#### [Your instructions]
Although the entries contain pictures, repeat only their words, exactly as written.

#### [Material provided]

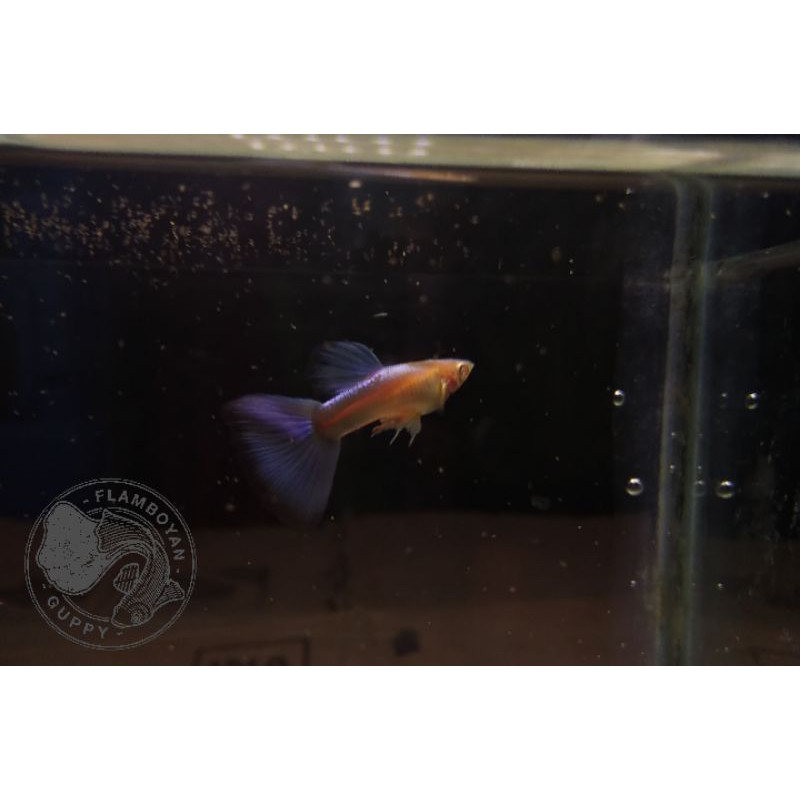 Ikan guppy albino sky blue remaja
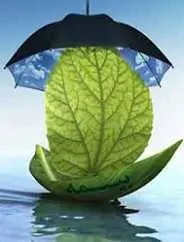 دانلود pdf کتاب بیمه، یک تسکین یا دردی پنهان سید مهدی طباطبائی رایگان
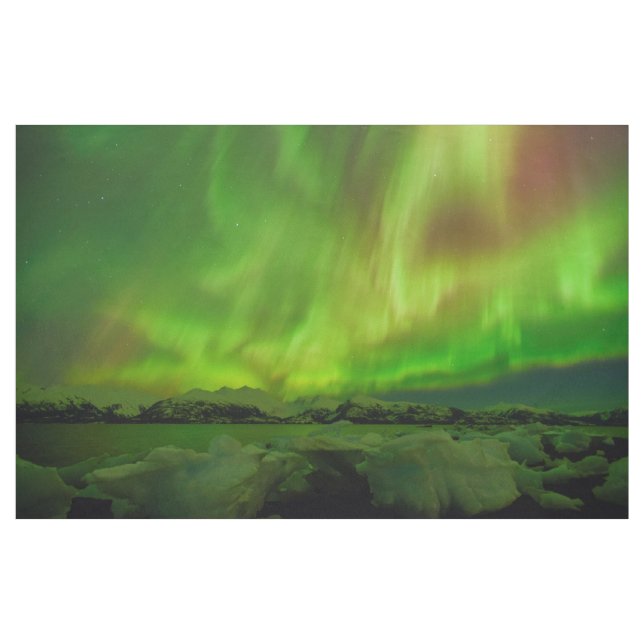 Tecido Aurora Incrível (Jarda)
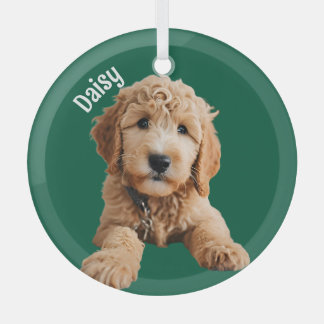 Golden Doodle Puppy Ornament Aus Glas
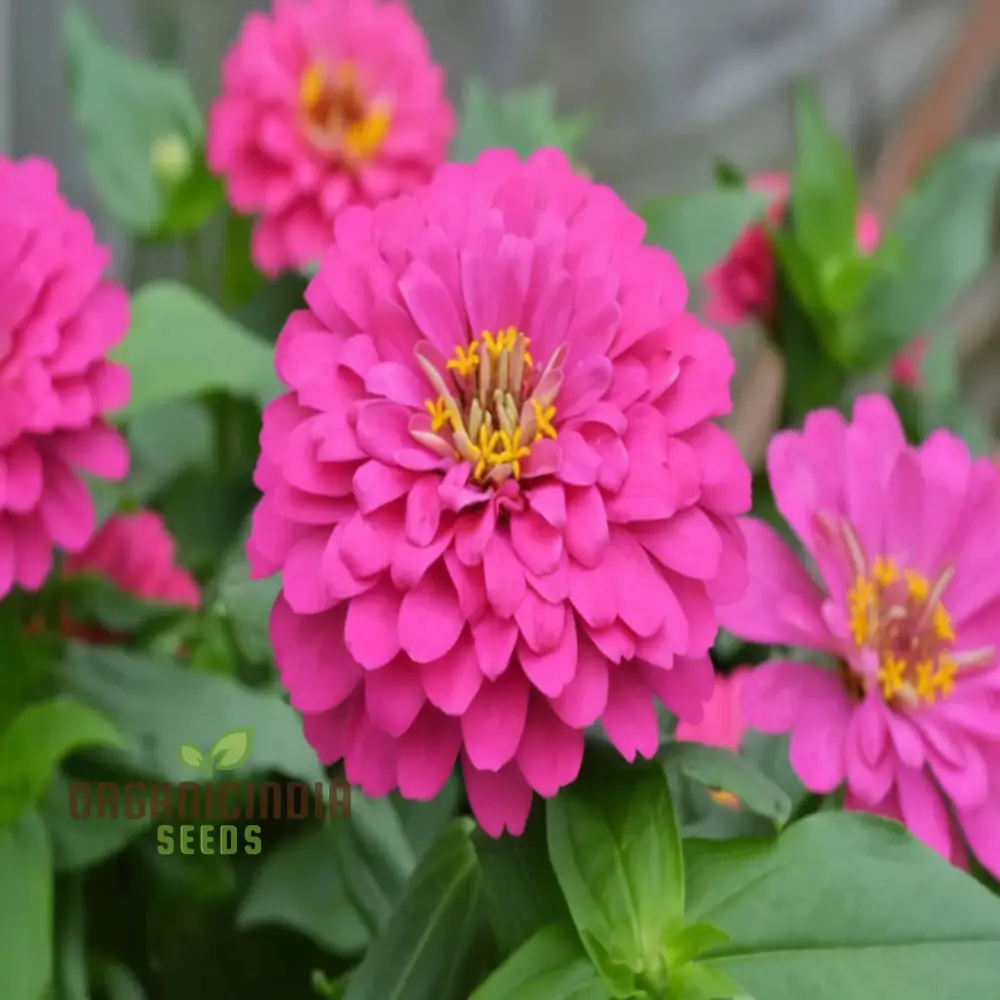 Imported Pink Zinnia Flower Seeds - Vibrant Blooms for Colorful Garden Displays - Image 4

#### [Answer box]
 Ikan guppy albino sky blue remaja
 دانلود pdf کتاب بیمه، یک تسکین یا دردی پنهان سید مهدی طباطبائی رایگان
 Tecido Aurora Incrível (Jarda)
 Golden Doodle Puppy Ornament Aus Glas
 Imported Pink Zinnia Flower Seeds - Vibrant Blooms for Colorful Garden Displays - Image 4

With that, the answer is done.